بِسْــــــــــــــــــــــمِ اﷲِارَّحْمَنِ ارَّحِيم
Rahman ve Rahim olan Allah(C.C.)’ın adıyla. O(C.C.)’nun adıyla
başlamayan hiçbir şey ile O(C.C.) hakkında söz edilemez. O(C.C.) birdir.
“De ki: O Allah Birdir.” (İhlâs/1)
O(C.C.) bana, sana, herkese; her kim olursa olsun ona şah damarından
daha yakındır.
“Biz ona şah damarından daha
yakınız.” (Kaf/16)
Allah-u Zülcelâl yarattıklarına
kendi kudretini göstermek istemiştir. İşte bu sebepten dolayı ruhları yarattı,
daha sonra onların sınava tabii tutulacağı; dünya âlemini yarattı. O(C.C.)’nun
yaratma kudreti öyle geniştir ve büyüktür ki; dünya ve ahret dışında belki de
bizim aklımızın almadığı, ilahi kitaplar ve peygamberler aracılığıyla bizlere
bildirilmemiş milyarlarca âlemi yaratmıştır. Bizler bunu bilgisinde olamayız.
“De ki: Rabbim bilgim olmayan şeyi senden istemekten sana sığınırım. Ve
eğer beni bağışlamaz ve beni esirgemezsen, hüsrana uğrayanlardan olurum.” (HUD/47)

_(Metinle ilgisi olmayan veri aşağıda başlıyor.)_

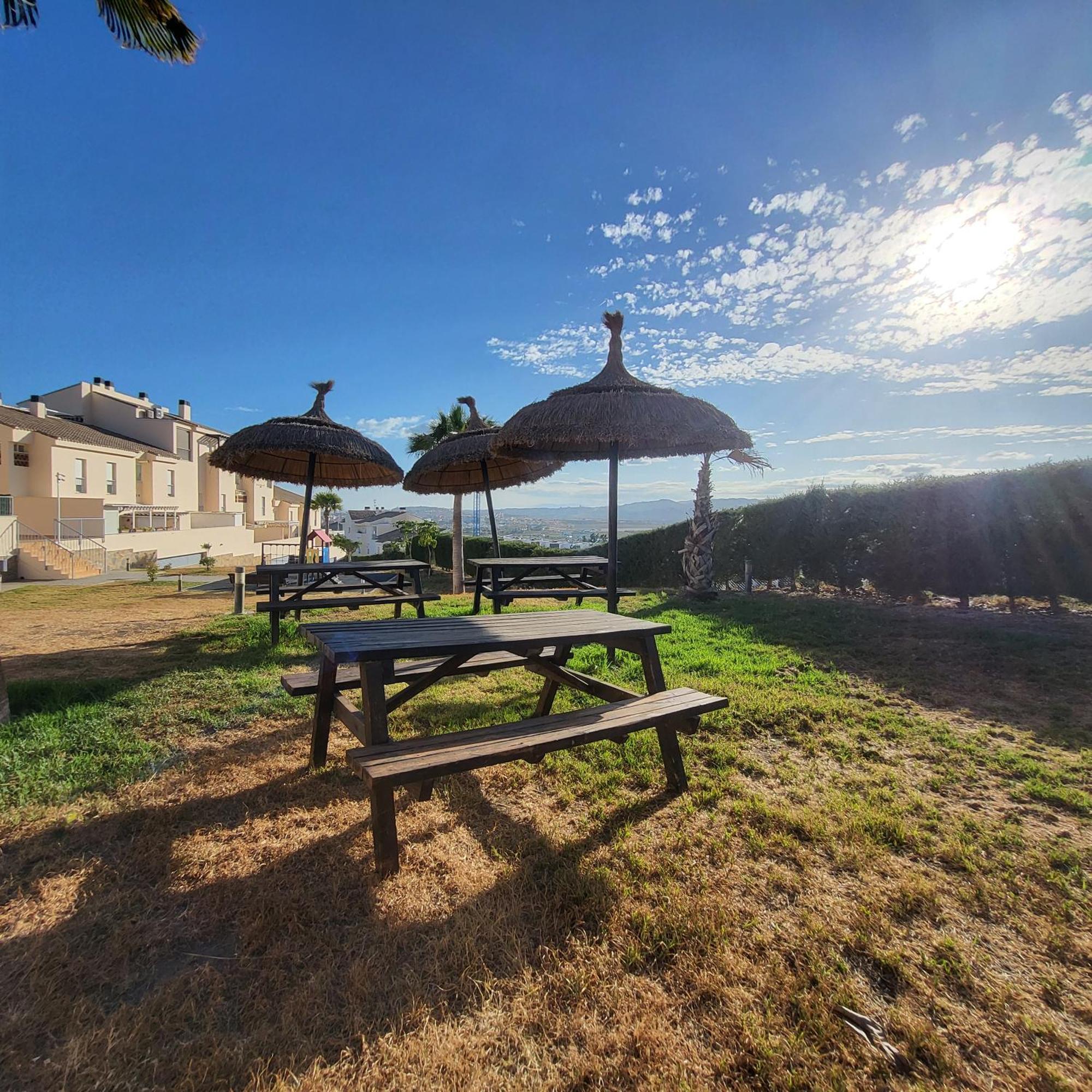 Golf En Baviera Con Vistas Al Mar Apartment Caleta De Velez Exterior photo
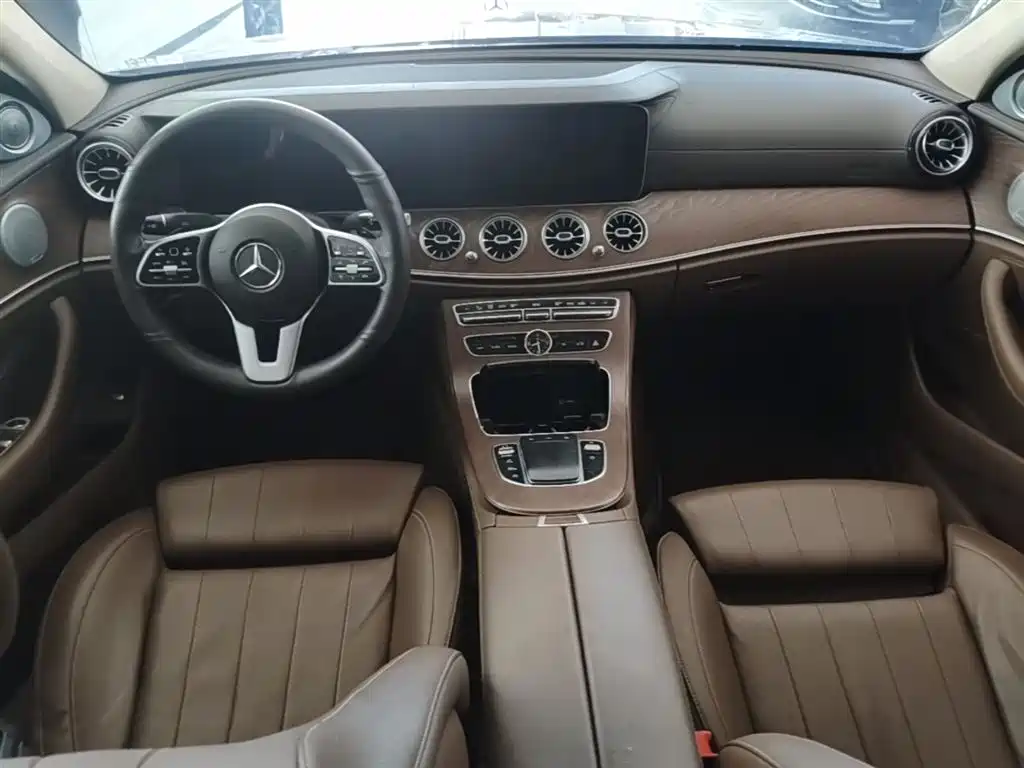 Mercedes-Benz E-Class 2019 — фото 10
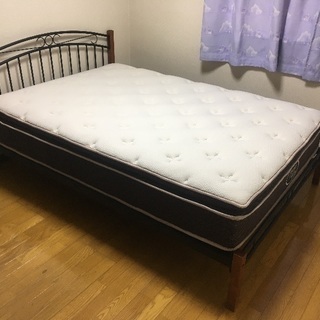 ダブルベッドマットレス、フレーム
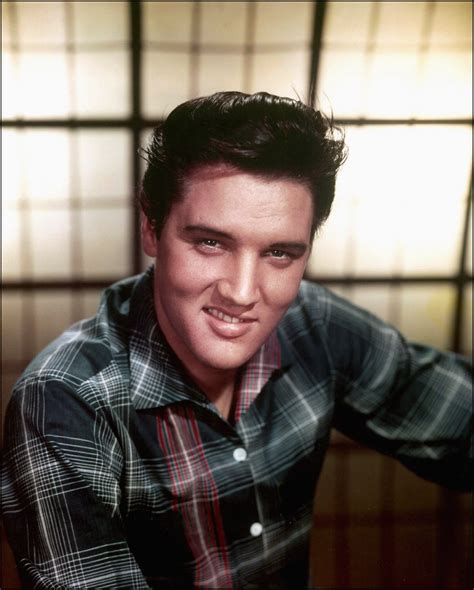 Elvis Presley Photo 30 Of 72 Pics Wallpaper Photo 103365 Theplace2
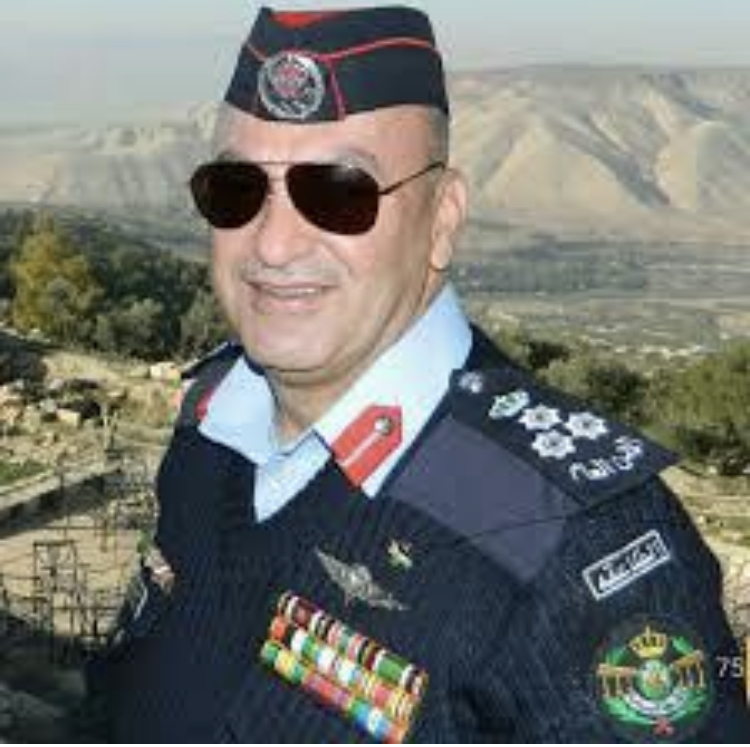 لماذا اعتذر دولة الرئيس ولم يعتذر معالي الوزير ؟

Allah-u Teâlâ yarattığı ruhlara
manevi, maddiyattan soyut bir kimlik vermiştir. Fakat sınava tabii tutmak
istediği bu ruhları, maddiyat evrenine bu şekilde gönderse dahi, bu maddi âlemdeki
hiçbir şeyden etkilenmeden kendisine tam bir itikat ile bağlı olacaklardı. Ruhu
sınamak için gerekli olan şey ona bir maddiyat kazandırmaktı. İşte bu maddiyata
“beden” adını verdi. Yarattığı ruhu,
yarattığı diğer bir şey olan bedenin içerisine yerleştirdi. Lakin bu da yeterli
olmayacaktı. Ruhun bedene bürünmüş olmasıyla sadece görüntüsünü
maddileştirecekti ve o maddi beden manevi ruha bir engel olmayacak sadece madde
âleminde yaşam sürmesini sağlayacaktı. İşte bunun için de o maddi bedene manevi
engeller koyabilecek, ruhu yolundan çevirebilecek bazı engeller gerekliydi.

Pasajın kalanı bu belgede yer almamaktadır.